More ways to tell someone you don’t give a fuck about them

A few years ago I made this video where I came up with some creative ways to tell someone you don’t give a fuck about them:

It’s one of my more popular videos – apparently people are always looking for creative ways to get rid of annoying idiots. Lately I have had many requests for MORE! I’ve been building up to it for a while and I thought I’d try out some options here on the blog before I made it into another video. If you get in quick with comments (and I like them) your responses might end up being part of the video.

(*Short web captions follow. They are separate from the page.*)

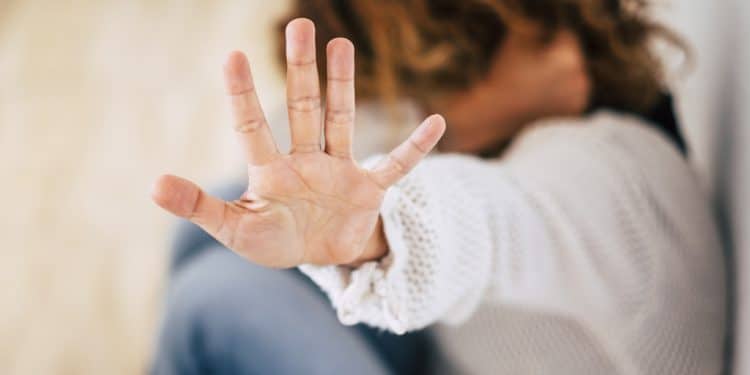 Prefeitura de Araxá lança Auxílio Moradia com prioridade para mulheres em vulnerabilidade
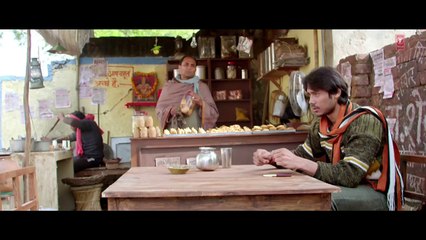 Arziyaan FULL VIDEO Song | Jigariyaa | Vikrant Bhartiya, Aishwarya Majmudar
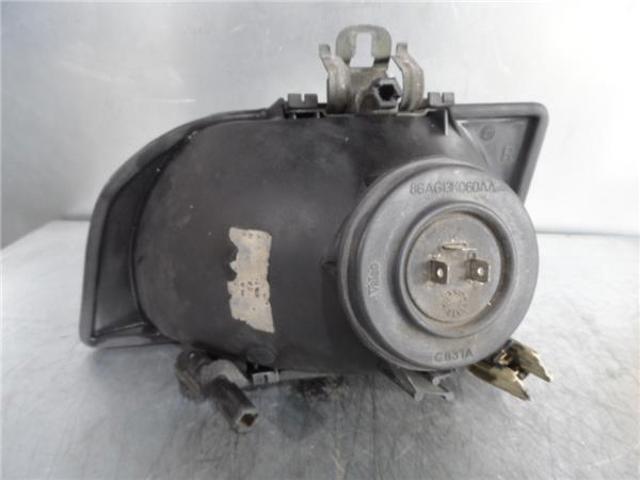 FORD 1062424 Faro derecho  comprar en Murcia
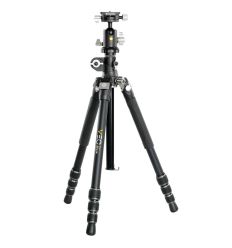 VANGUARD Veo 3T+ 264AB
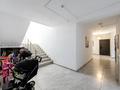 2-бөлмелі пәтер · 60.8 м² · 4/5 қабат, мкр Уркер, Шоссе Коргалжын 128 — Умбетей Жырау, бағасы: 27.5 млн ₸ в Астане, Нура р-н — фото 29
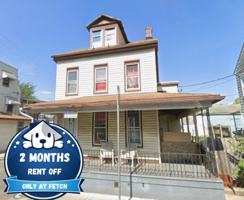 featured image of 30 N Franklin St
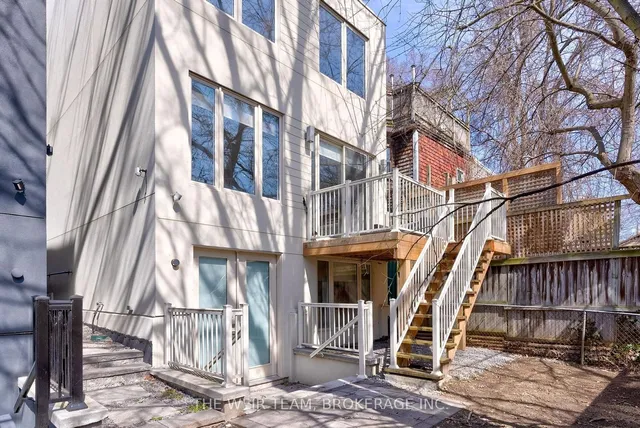 Additional image 25 of 15 Edgewood Grve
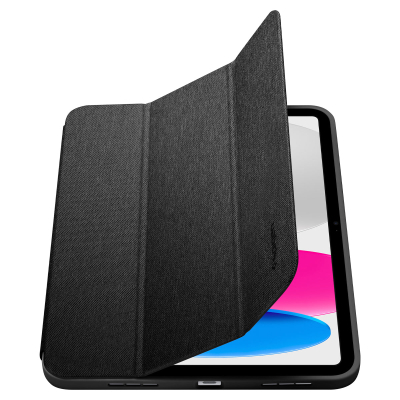 Чохол до планшета Spigen Apple iPad 10.9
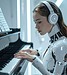 AI時代の今だからこそ、生の音と調律が必要な理由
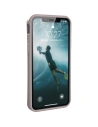 Hurtownia GSM - Biologisch abbaubare Hülle UAG Urban Armor Gear Outback Bio Apple iPhone 11 (rosa) - UAG311PNK - {ean13} - Hurt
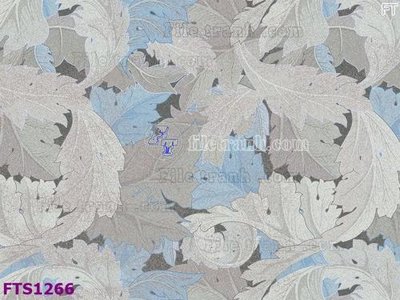 Tải file File in tranh tường hiện đại FTS1266 (gốc) chủ đề tâm linh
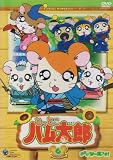 �ȤäȤ��ϥ���Ϻ<��2���꡼��>(6) [DVD]
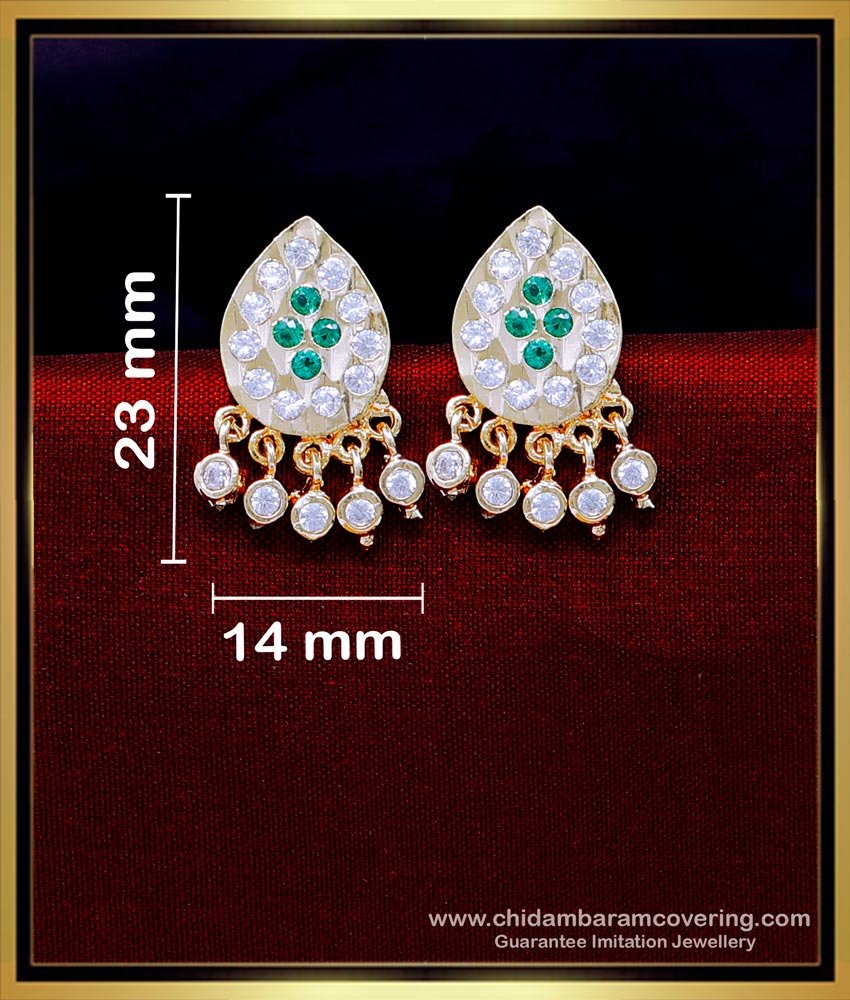 sone ka earrings design, impon jewellery, impon 5 metal jewellery, Impon Jewellery online shopping, impon earrings designs, impon stud earrings, impon earrings online shopping, impon jewellery shop near me, gold earrings designs for daily use, earrings design stud, gold earrings design stone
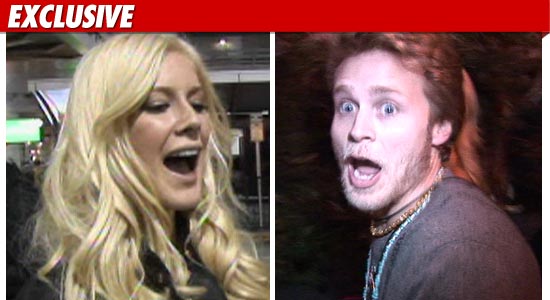 0930_heidi_spencer_EX_TMZ_01
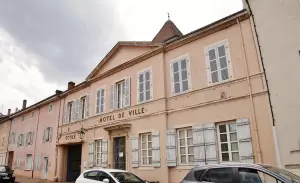pont-de-veyle-1512-1_w300.webp
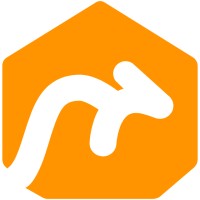 Keyroo logo - Similar company to Staylist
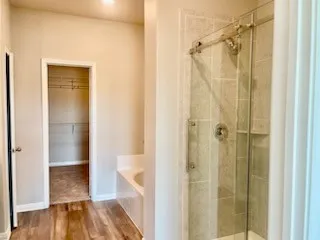 Single Family Residence For Rent in Wise County , 164 Bovine Drive, Newark, Texas 76071, 4 Bedroom, 3 Bathroom, 2 Garage spaces, 2,153 Sqft, built in 2021, mls#21376402, Real Estate Agent in Newark, Homes For Rent in Wise county, Homes For Rent in Newark, Realtor in Newark Texas, Real Estate Brokerage Independent Realty Texas, Luminita Cordes Realtor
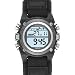Men's Armitron Digital Resin Watch - Gray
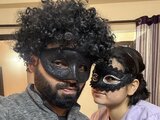 YashiYashilu livejasmin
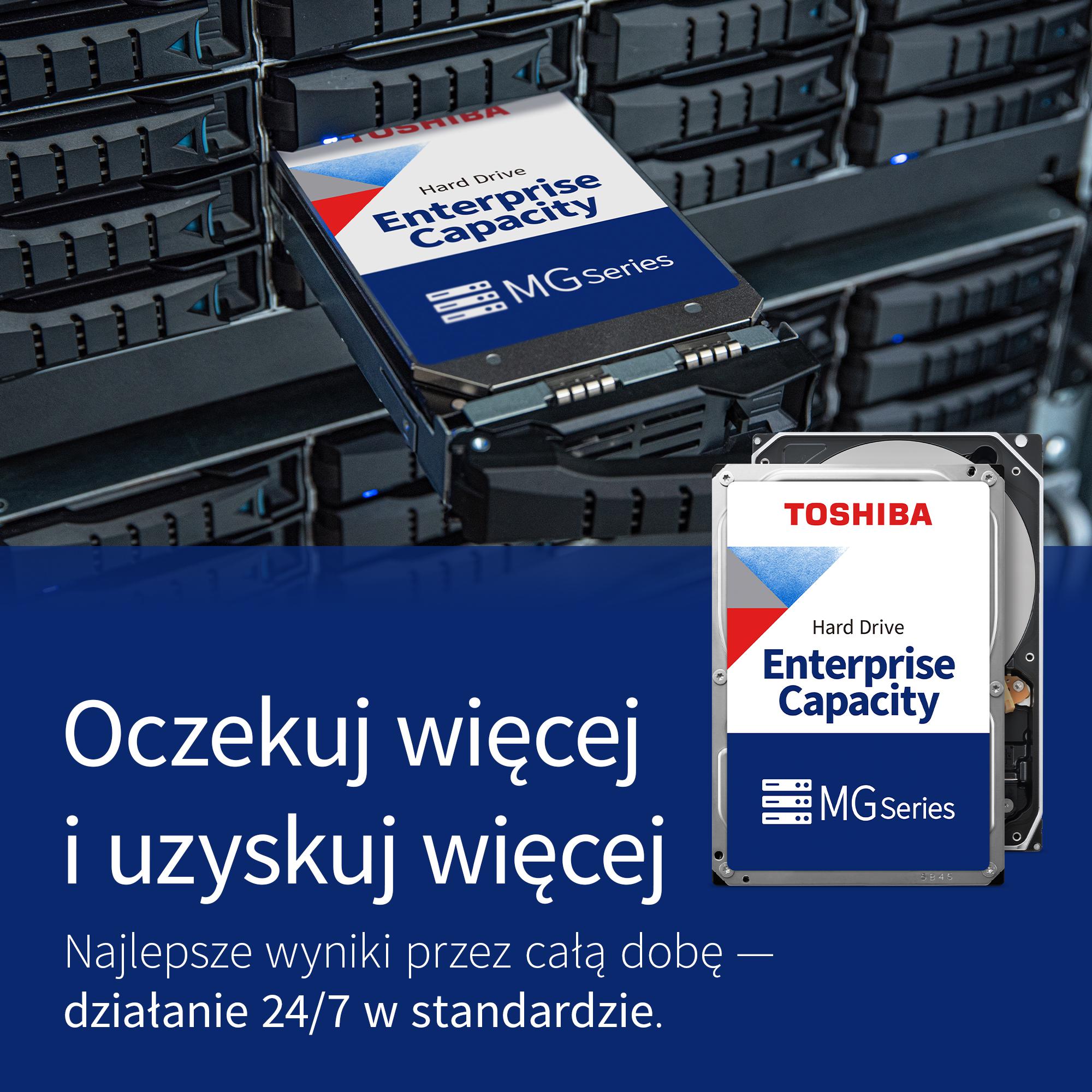 Technologia HelioSeal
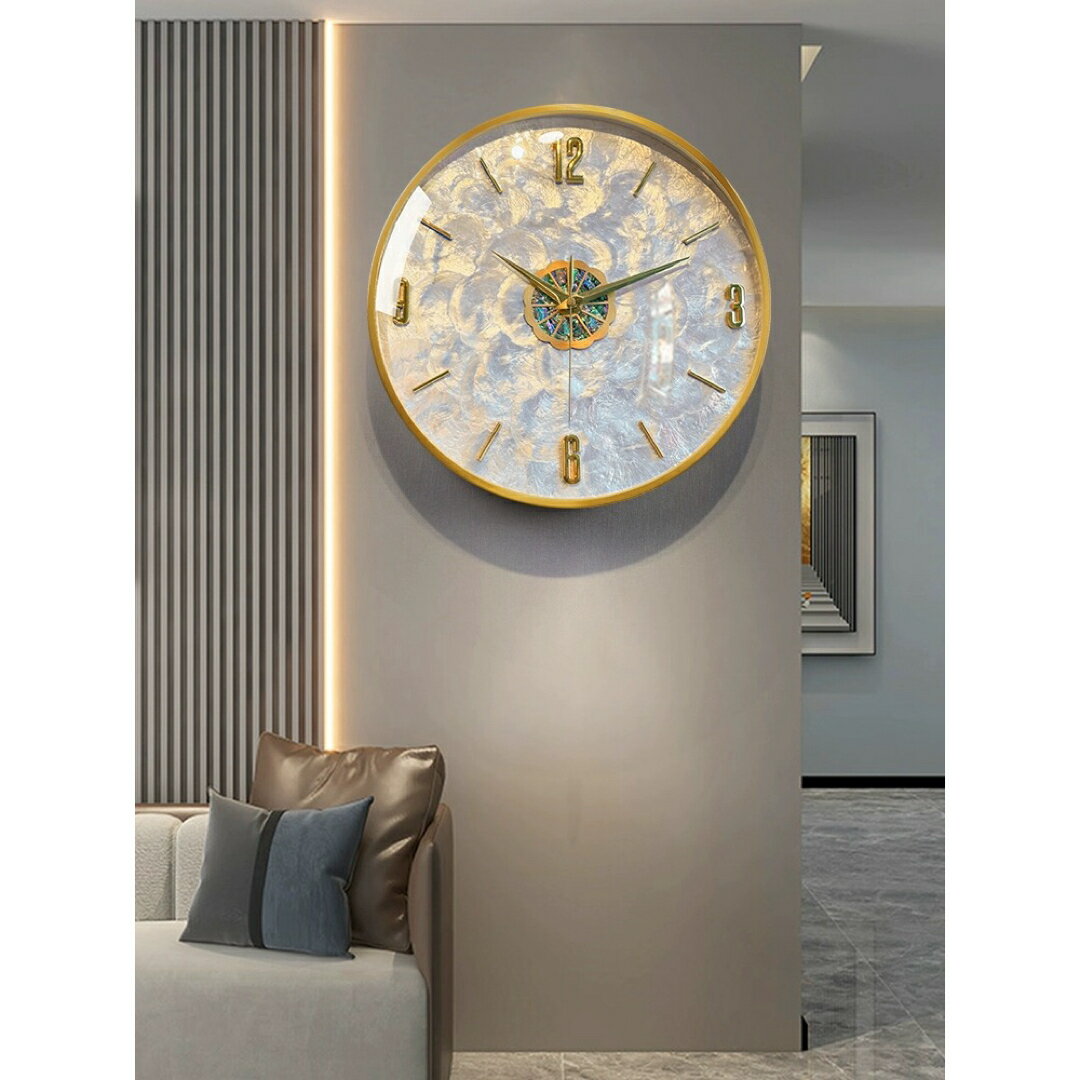 A039465����ɳݤ����� �������� �̲�����ƥꥢ ���饹�ݤ����� ������ ��������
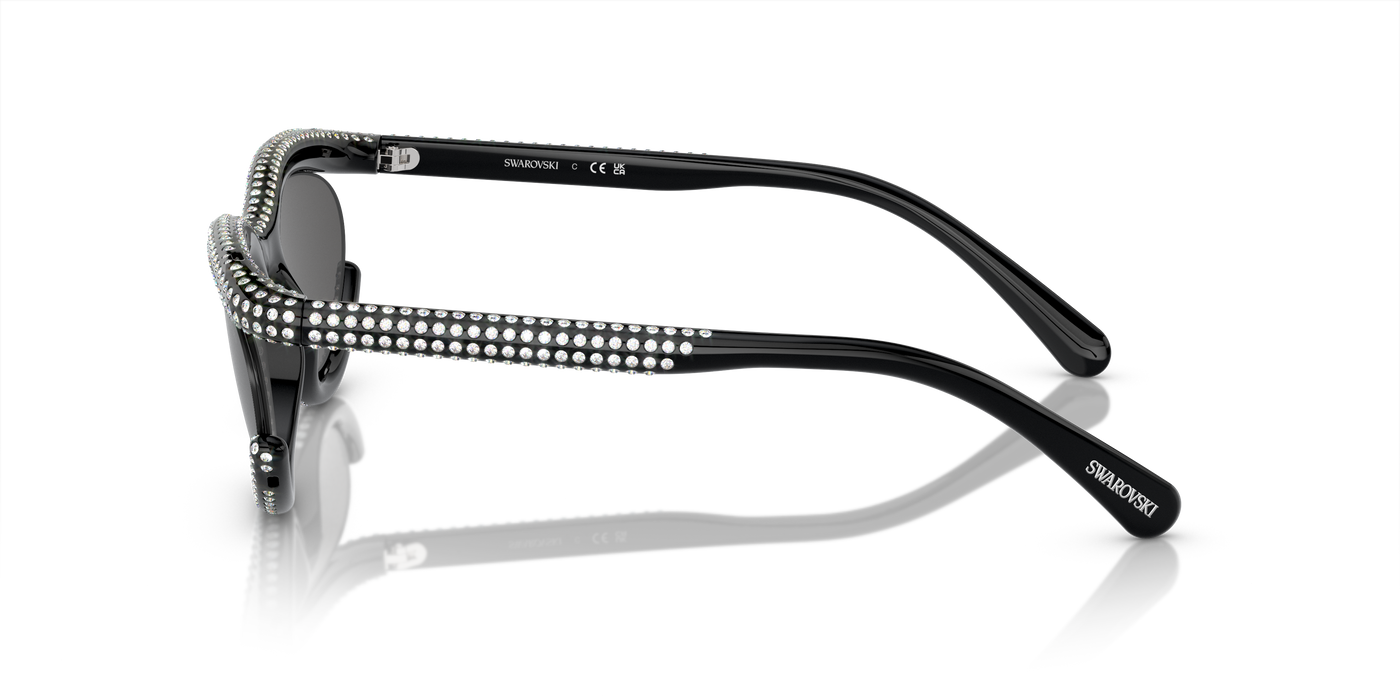 Gafas de Sol Swarovski SK6006 100187 54 22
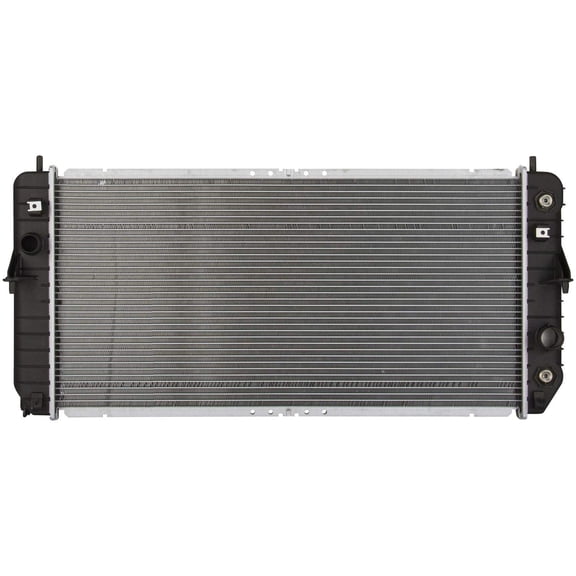 Radiator for Oldsmobile Aurora QOA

Without further ado, here are some more ways to tell someone you don’t give a fuck about them:

  • A recently discovered tribe in the Amazon had had no contact with the outside word and had no idea anybody existed outside their valley. It turns out they give more of a fuck about you than I do.
  • I’d like to introduce you to Bob, we hired him specifically to give a fuck about you because none of us do and we want you to leave us the fuck alone. But he committed suicide. So there’s still nobody who gives a fuck about you.
  • I started the day with a dozen fucks. After a day of dealing with your bullshit I still has 12 fucks left. How many fucks did I give about you today?
  • There are electron microscopes that can find molecules less than a nanometre wide – but they can’t find any fucks I give about you.
  • Astronomers have mapped the universe out to two billion light years. They haven’t found any fucks I give about you.
  • Some mayflies have a life span of only half an hour – that’s approximately 30 minutes longer than the lifespan of any fuck I’ve ever given about you.
  • That was close – I almost gave a fuck about you. Turns out I just needed to fart.

I feel this list is still to be added to before I commit it to video. Please help!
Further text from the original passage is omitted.